[Opening Raw data section]

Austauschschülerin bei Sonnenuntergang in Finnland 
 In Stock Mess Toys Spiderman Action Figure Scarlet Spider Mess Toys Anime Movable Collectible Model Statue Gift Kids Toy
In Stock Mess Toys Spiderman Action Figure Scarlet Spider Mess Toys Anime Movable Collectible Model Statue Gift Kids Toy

[Closing Raw data section]

Return each line of the data exactly as written above.

Austauschschülerin bei Sonnenuntergang in Finnland 
 In Stock Mess Toys Spiderman Action Figure Scarlet Spider Mess Toys Anime Movable Collectible Model Statue Gift Kids Toy
In Stock Mess Toys Spiderman Action Figure Scarlet Spider Mess Toys Anime Movable Collectible Model Statue Gift Kids Toy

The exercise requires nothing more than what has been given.